To avoid unnecessarily removing sound tissue we should use minimally invasive techniques. In this context, microinfiltration is incredibly respectful of dental tissues, painless and fast. For many years now, Icon (DMG, Germany) has been providing clinicians with the possibility of easily managing interdental caries with the resin infiltration technique. The resin can block the progression of an early caries to prevent the need for drilling and filling.

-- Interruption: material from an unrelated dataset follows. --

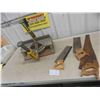 Image 1 : Miter Saw, Saws 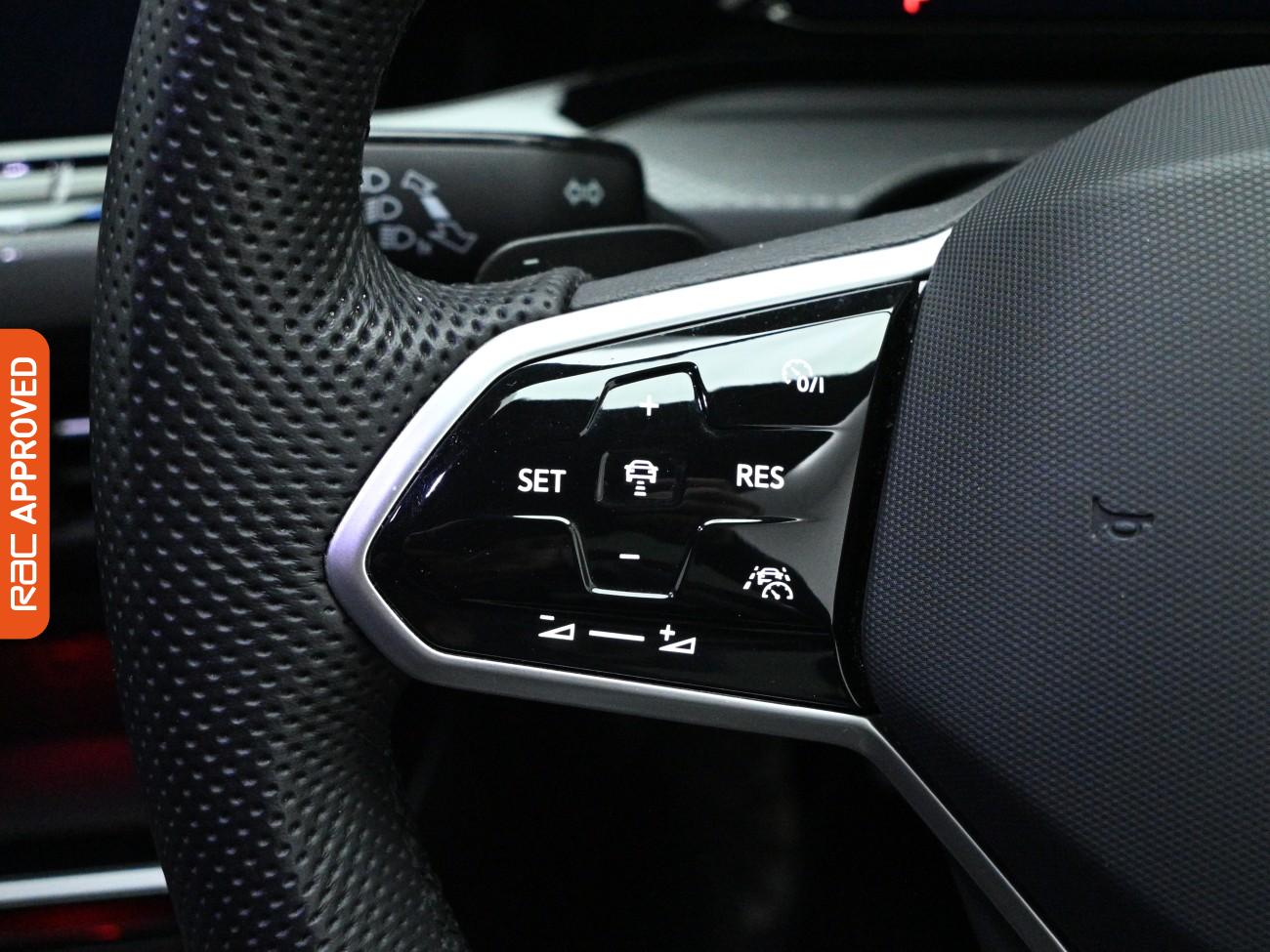 Used Volkswagen Golf 2023 for sale - 77743679: Photo 21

In this clinical case, initial caries were detected on the mesial surface of the lateral incisors and distal suface of central incisors. Here, the infiltration approach is for sure the least aggressive. In this article, we will see a simple protocol starting with the creation of an interdental working space (teeth separation), followed by different strategies to re-activate the enamel in order to achieve the best results in terms of infiltration.
The main problem with minimally invasive approaches and interproximal lesions, is access. We must see and we need space to treat. To solve this problem, the day before the appointment we placed orthodontic elastic bands to create space between teeth.
The day after, as you can see in the picture, the space created with the elastics was enough to allow us to access the area. Direct vision is important when treating interproximal white spots, because we need to assess the absence/presence of cavitation. The presence of a cavitated lesion is the limit of our minimally invasive approach. In this situation, we had the typical white and brown surface and subsurface spot on the 22 mesial, 11 distal and 21 distal.
Close-up showing the distal white and brown spot on tooth 11.
Close up showing the 22 mesial typical white and brown spot.
A palatal picture with the occlusal photographic mirror is very useful to visually detect caries.
We can see that on tooth 22 mesial we had caries progress beyond the first third of the dentin, so we needed to treat this lesion with the turbine and with a conventional cavity preparation.
The infiltrating resin can penetrate into demineralized enamel, but cannot fill the formed cavities. Therefore, the infiltrating resin is only suitable for non-cavitated lesions, and the ones confined to the enamel surface or upper third of the dentin (1).
The step by step resin infiltration technique is shown in the following pictures of the procedure carried out on 22 mesial.
The first and most important step is to clean the surface. It can be done with airflow systems, manual instruments like the Eccesso (LM), with finishing strips like the sof-lex (3M) and/or with the Superfloss (Oral B).
A drop of ethanol (Icon-Dry, DMG, Germany) is applied with the dedicated tip for 30 seconds and air dried. Drying of the teeth to be treated reveals if the etching process was successful and facilitates successful penetration of the infiltrant into the depth of the lesion.
Here we are re-applying the HCl gel with the applicator, which must remain on the tooth during the whole application time of the gel (2 minutes) in order to protect the adjacent tooth. The gel only comes from one side from the applicator.
We apply flowable resin (DMG Ecosite Elements Highlight OA2) to the surface of the infiltrated area. We can use the Icon infiltrant as our adhesive layer, so we can just add on a flowable resin, to better highlight the transition line.
After finishing and polishing, the surface looks shiny and perfect.
Post-operative view immediately after the procedure.
At one week check-up. Left side.
At one week check-up. Frontal view.
At one week check-up. Right side.
A considerable number of professionals still tend to practice invasive techniques with lesions confined to enamel.
The resin infiltration technique with ICON by DMG in interproximal caries lesions is a less invasive technique compared to a cavity preparation.
The resin infiltration technique should be an alternative to cavity preparation, thus at least postponing, if not avoiding, sacrifice of sound structures.